Take security, for example. It was the number one pain point in production according to developers in a RisingStack survey.
Now, the survey didn’t go into details with respect to what, exactly, about security is a pain point (though I’m sure if asked we’d get a wide variety of responses). What I do know is that 38% of respondents in an app role (developers) in our 2018 State of Application Delivery survey tagged “increasing sophistication of attacks” as their number one security challenge for the next year. 26% said a lack of IT skills in security, and 23% said difficulty in securing applications – particularly web apps – from attack.
If we view the pain point through that lens (and since it’s my blog, I’m going to) then there is an application service for that. Several, in fact. Even if the goal is to virtually patch or prevent an existing vulnerability from being exploited.

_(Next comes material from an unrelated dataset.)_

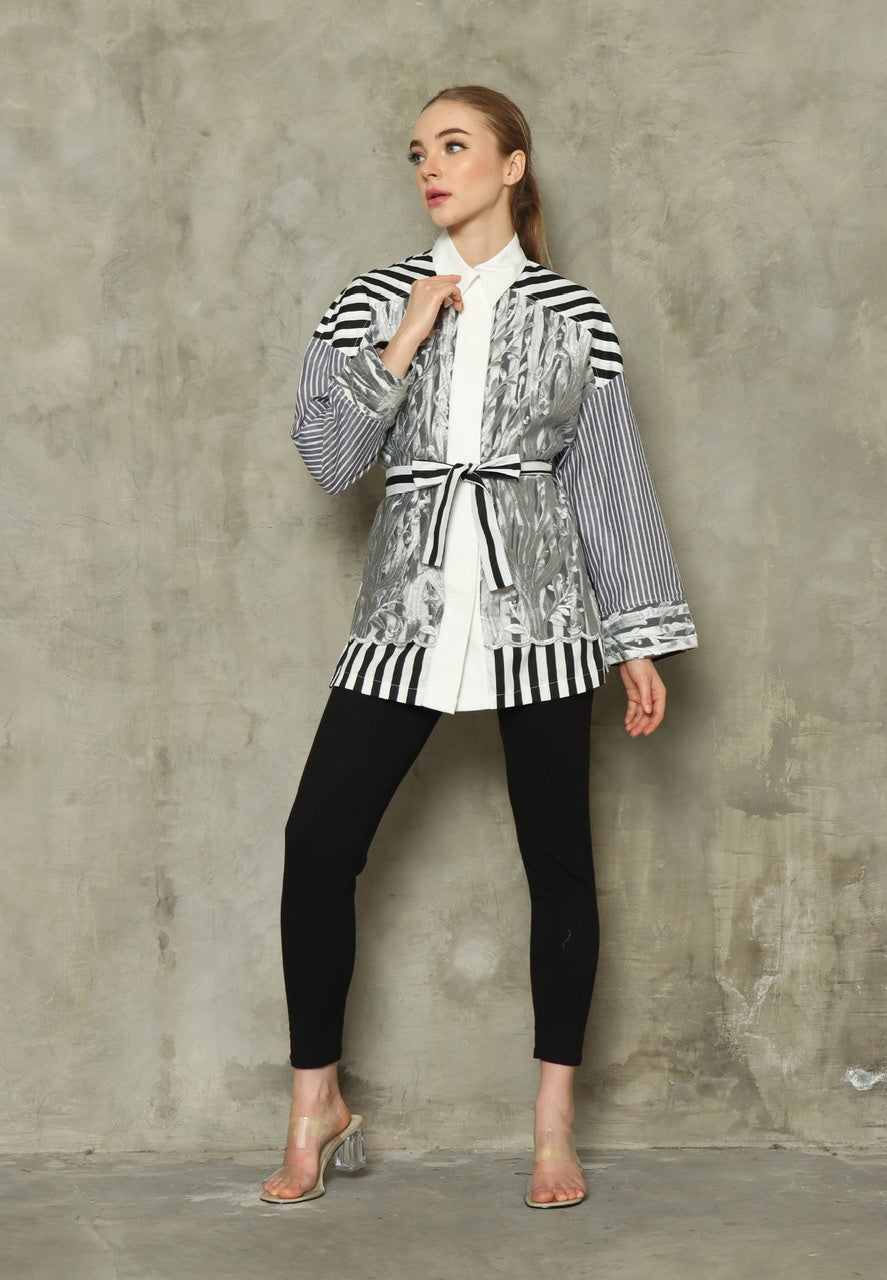Kemeja Stripes Tile Bordir Abu Putih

And there are a lot of those out there. The thing is that every breach, every unauthorized access, every bit of data that leaks tends to be blamed on a developer – even when the vulnerability was in a third-party library or hidden deep in the packets of a protocol or in a platform used by millions (literally) of other sites on the Internet. But Lori, you’re thinking, the 79% of an application comprised of libraries only accounts for 2% of known vulnerabilities according to careful inspection.
And yet some of the highest profile breaches and data loss have been due to that 2% – vulnerabilities in platforms and common libraries shared by millions of people.

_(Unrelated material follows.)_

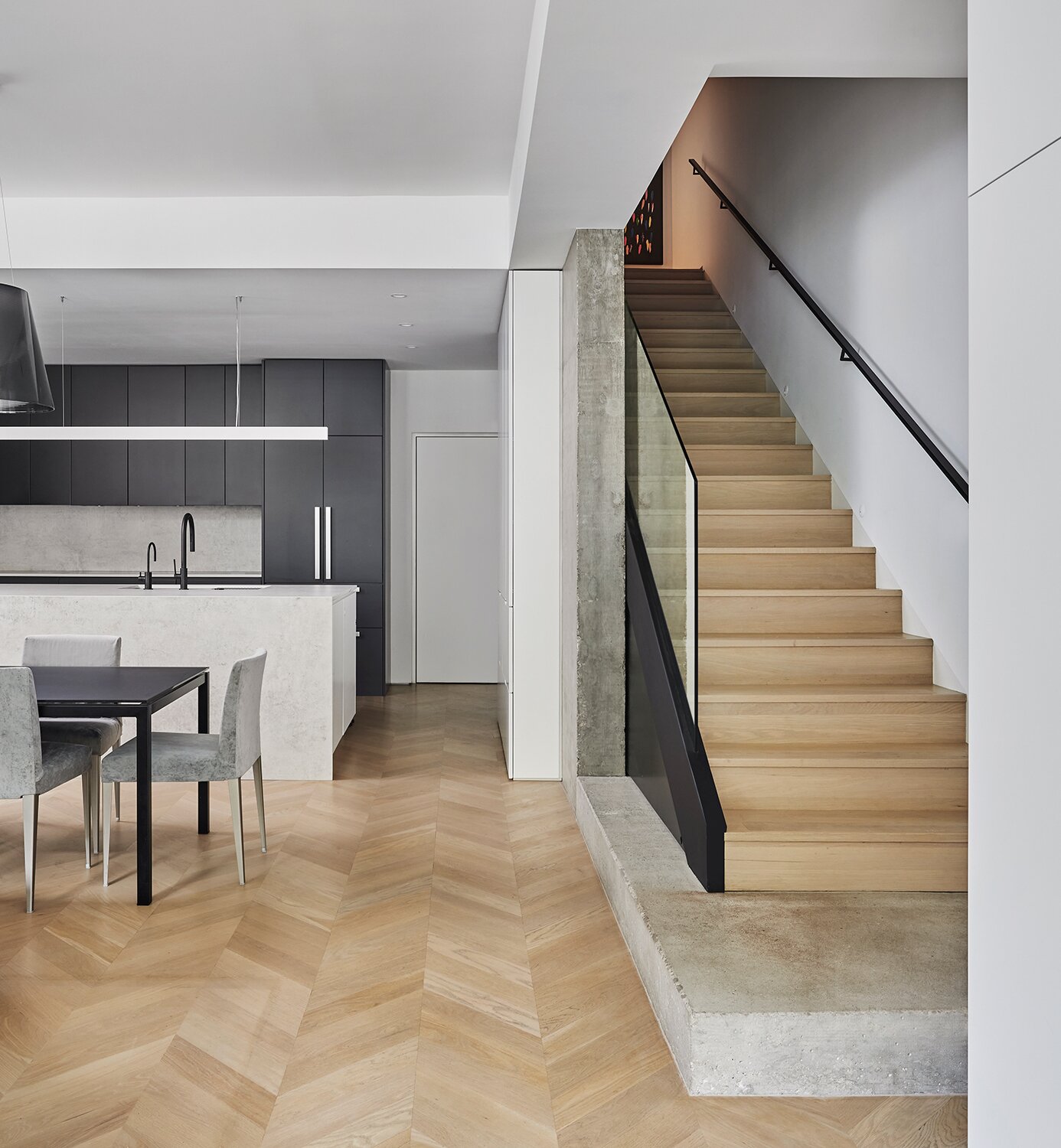 Photo 4 of 10 in Soldier Field House by Collective Office Architects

A web application firewall (one of the thirty application services we track in our annual survey) addresses both – and the growing portfolio that attackers use to gain access, drain resources, or steal data. App access control, too, provides a layer of protection for credentials (valuable themselves) as well as the application and its data. Worthy of note is that 75% of all respondents in our annual survey indicated they use App access control to protect applications both on-premises and in the public cloud.
Likewise, performance is not something a developer can always control. There’s the impact of code standards – which err on the side of long term sustainability – on app performance. Sometimes you can’t use the most efficient data structure or syntax. You have to keep in mind that someone else has to maintain and modify that code down the line. Sometimes it’s the impact of variables outside your control – capacity, demand, network conditions, and that customer that refuses to give up on that ten-year old PC running Windows ME.
There’s an application service (several, actually) to address that pain point, too. A veritable plethora of options from TCP optimization to caching to compression to offloading expensive cryptographic processing. All these application services can improve performance and delight users.
A good number of folks already employ just these services to make their apps go faster and safer, addressing both pain points of performance and security.
But developers indicated it isn’t just security or performance problems that give them headaches in production, it’s also deployment – which focuses on how you get those apps and application services executing in production.
This is bigger problem that can’t be solved by a single application service – or even a chain of application services. Solving the deployment pain point requires a more strategic initiative around automation and orchestration and embracing DevOps ideas like infrastructure as code.
It takes a concerted effort to move traditional NetOps to embrace the principles and methodologies of DevOps to codify the processes necessary to deploy the necessary changes in production required to support developers.
That means infrastructure vendors must provide API-enabled infrastructure, and support the ability to operate in a more declarative model that relies on templates and deployment artifacts rather than CLIs.
Of the three pain points developers note, deployment is the most difficult to address because there is no single tool or technology that can solve it. It requires collaboration and a concerted effort to transform IT from a manually driven deployment model to the automated assembly line approach of the future.
Regardless of the ease or difficulty in addresses developers’ pain points, the fact is all three can be addressed by NetOps in production. Whether with a liberal helping of application services or a more dedicated effort to internal digital transformation, NetOps can make moving into production a less painful – and more successful – experience for everyone.